When working with content-heavy applications (documentation sites, blogs, CMSs, static site generators), you often need to:

  1. Parse content from various formats (Markdown, HTML, custom markup)
  2. Analyze or transform the content (extract links, rewrite URLs, inject components)
  3. Render to different output formats (HTML, plain text, custom formats)

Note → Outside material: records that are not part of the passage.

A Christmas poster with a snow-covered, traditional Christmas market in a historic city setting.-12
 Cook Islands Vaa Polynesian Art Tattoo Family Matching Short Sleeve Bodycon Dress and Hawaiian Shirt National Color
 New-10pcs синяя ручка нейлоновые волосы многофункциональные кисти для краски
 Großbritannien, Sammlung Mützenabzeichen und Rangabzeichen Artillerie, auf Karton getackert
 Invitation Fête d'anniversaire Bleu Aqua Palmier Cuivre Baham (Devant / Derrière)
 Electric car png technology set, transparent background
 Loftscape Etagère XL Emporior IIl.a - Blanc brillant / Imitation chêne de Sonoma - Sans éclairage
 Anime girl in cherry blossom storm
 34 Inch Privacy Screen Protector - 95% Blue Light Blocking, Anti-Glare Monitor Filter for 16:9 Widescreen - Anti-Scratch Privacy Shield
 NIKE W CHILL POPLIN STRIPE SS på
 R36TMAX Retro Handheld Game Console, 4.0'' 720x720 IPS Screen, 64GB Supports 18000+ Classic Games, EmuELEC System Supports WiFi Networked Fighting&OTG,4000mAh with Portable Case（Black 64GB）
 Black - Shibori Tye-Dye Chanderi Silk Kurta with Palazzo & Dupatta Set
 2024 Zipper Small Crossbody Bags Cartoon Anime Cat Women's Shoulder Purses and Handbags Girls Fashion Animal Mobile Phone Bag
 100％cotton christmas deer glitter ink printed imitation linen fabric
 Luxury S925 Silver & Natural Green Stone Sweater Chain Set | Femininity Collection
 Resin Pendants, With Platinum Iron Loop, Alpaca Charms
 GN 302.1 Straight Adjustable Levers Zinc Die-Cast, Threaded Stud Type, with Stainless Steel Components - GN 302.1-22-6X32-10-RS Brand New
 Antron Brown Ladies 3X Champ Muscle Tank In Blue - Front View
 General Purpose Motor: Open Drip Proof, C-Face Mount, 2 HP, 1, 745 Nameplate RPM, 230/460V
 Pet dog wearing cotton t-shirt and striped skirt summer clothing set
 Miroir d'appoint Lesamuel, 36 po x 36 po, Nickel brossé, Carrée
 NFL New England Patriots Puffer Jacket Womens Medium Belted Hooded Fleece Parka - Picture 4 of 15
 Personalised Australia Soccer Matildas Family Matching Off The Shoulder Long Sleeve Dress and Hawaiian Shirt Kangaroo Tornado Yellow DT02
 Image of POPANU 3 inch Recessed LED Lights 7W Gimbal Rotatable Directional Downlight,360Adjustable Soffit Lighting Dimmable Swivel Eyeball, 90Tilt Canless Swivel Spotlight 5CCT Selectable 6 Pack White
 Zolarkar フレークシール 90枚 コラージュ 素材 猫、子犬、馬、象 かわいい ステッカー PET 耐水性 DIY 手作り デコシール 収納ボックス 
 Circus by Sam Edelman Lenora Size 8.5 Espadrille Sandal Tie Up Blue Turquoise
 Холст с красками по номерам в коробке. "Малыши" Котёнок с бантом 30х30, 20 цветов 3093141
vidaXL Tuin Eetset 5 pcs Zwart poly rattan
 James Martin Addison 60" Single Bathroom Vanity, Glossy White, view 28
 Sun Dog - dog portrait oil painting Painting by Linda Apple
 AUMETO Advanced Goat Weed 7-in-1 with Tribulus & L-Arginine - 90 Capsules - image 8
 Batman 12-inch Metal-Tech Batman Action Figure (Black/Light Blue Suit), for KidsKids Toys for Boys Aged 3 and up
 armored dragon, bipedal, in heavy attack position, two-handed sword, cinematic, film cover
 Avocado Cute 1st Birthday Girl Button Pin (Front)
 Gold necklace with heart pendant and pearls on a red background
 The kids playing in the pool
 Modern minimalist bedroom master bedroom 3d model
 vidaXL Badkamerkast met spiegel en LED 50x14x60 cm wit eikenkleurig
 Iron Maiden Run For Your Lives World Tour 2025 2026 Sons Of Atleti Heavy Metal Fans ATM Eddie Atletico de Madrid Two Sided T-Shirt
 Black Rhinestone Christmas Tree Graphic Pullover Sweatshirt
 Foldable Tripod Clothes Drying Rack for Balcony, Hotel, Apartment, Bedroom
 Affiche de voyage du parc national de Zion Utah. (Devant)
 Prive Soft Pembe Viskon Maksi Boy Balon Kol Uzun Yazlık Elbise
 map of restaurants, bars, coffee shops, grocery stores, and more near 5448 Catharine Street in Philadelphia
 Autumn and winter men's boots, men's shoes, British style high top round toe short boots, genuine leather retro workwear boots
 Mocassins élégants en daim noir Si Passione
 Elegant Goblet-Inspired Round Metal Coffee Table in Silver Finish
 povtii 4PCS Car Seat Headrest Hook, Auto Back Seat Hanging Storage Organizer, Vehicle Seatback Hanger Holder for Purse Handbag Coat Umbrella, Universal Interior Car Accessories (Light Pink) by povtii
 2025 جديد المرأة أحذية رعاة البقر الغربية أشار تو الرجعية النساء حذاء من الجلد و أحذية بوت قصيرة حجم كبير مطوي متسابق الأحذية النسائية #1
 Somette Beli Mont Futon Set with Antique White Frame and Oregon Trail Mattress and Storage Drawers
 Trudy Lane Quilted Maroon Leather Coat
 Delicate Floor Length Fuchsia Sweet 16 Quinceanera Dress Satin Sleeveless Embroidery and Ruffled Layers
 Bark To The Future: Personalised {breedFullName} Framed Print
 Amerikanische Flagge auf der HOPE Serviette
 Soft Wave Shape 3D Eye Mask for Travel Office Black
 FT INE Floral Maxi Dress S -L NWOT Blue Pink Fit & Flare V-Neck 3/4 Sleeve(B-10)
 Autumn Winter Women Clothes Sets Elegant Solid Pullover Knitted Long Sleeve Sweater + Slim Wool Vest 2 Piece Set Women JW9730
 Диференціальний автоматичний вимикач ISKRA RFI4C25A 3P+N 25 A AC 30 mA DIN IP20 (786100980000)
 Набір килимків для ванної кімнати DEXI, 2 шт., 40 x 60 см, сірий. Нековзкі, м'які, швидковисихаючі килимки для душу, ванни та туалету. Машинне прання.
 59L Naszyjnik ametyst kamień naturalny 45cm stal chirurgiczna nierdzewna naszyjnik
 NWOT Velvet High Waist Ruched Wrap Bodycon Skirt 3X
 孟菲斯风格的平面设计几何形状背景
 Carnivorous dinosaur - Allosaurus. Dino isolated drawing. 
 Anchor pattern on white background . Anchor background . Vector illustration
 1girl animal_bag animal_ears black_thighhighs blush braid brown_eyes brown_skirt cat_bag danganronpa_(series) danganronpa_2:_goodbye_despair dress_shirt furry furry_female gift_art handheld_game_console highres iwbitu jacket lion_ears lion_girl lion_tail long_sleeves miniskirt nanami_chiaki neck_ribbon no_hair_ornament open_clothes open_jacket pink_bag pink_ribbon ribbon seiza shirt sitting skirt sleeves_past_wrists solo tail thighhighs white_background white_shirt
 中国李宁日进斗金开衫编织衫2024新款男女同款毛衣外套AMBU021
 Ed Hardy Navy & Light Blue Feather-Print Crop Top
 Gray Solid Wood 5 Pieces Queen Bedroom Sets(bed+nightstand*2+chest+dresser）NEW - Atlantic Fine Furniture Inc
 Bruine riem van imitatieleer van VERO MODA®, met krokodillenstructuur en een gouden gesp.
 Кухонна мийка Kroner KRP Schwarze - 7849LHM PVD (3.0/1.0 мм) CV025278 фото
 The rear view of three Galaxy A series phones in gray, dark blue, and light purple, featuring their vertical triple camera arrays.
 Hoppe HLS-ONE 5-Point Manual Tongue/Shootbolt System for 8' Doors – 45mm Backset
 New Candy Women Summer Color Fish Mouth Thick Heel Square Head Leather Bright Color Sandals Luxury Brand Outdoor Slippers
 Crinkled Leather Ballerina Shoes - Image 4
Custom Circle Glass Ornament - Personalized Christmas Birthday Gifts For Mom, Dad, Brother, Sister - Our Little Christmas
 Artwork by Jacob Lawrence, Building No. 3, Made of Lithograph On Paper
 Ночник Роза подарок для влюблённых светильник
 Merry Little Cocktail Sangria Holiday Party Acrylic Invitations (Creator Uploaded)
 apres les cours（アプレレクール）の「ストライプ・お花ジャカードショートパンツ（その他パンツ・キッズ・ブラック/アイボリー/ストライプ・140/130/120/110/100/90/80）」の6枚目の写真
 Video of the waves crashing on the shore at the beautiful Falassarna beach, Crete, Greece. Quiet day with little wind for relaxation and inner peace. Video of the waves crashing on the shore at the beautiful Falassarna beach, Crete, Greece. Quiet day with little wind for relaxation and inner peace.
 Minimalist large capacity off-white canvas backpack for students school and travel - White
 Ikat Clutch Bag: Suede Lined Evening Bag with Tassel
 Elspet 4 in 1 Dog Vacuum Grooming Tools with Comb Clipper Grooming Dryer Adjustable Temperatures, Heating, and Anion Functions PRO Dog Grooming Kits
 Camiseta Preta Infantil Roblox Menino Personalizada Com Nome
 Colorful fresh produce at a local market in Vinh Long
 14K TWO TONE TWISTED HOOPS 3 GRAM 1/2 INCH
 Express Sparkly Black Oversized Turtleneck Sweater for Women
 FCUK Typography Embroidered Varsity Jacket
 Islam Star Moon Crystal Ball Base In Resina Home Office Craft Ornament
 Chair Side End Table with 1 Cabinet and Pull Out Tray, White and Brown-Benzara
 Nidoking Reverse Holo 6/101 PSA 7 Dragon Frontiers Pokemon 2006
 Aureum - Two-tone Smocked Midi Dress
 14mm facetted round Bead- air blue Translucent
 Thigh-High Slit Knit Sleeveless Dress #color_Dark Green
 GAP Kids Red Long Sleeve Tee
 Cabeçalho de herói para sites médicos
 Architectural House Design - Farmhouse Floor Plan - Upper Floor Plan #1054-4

Most existing parsing libraries fall into one of two camps:

  • String-based manipulation : Fast but brittle, error-prone, and can't handle nesting properly
  • Heavy DOM libraries : Powerful but allocate heavily, often tied to a specific output format

Femur parsing libraries sit in between: lightweight AST-based parsing with streaming support and extensible rendering.

Architecture Overview

The Femur parsing ecosystem is built in layers:

┌─────────────────────────────────────────────────┐
│     Concrete Parsers & Renderers                │
│  (MarkdownParser, HtmlParser, Renderers)        │
├─────────────────────────────────────────────────┤
│     Domain-Specific Abstractions                │
│  (MarkdownNodeType, MarkupNodeType, Walkers)    │
├─────────────────────────────────────────────────┤
│     Base Parsing Infrastructure                 │
│  (StreamParser<T>, Node, ParentNode)            │
└─────────────────────────────────────────────────┘

Base Infrastructure: StreamParser<T>

At the foundation is StreamParser<T> , a generic streaming parser that handles reading from streams efficiently:

public abstract class StreamParser<TDocument> : IDisposable
{
    protected char[] Buffer;           // Pooled from ArrayPool
    protected int Position;            // Current position in buffer
    protected int Length;              // Valid data length
    protected int TotalCharsRead;      // Absolute position tracking
    
    // Template methods for subclasses
    protected abstract TDocument CreateDocument();
    protected abstract void InitializeParsing(TDocument document);
    protected abstract void ProcessCharacter(char ch, TDocument document);
    protected virtual void Cleanup();
    
    // Utility methods for parsing
    protected bool ReadMore();
    protected int GetAbsolutePosition();
    protected void SkipWhitespace();
    protected string ReadUntil(char delimiter);
}

Key design points:

  • Streaming : Reads in 4KB chunks, handles files of any size without loading entirely into memory
  • Buffer pooling : Uses ArrayPool<char> to avoid allocations
  • Position tracking : Maintains absolute position across buffer boundaries for source location tracking
  • Template Method pattern : Subclasses implement domain logic, base class handles streaming complexity

Subclasses focus on what to parse, not how to read efficiently.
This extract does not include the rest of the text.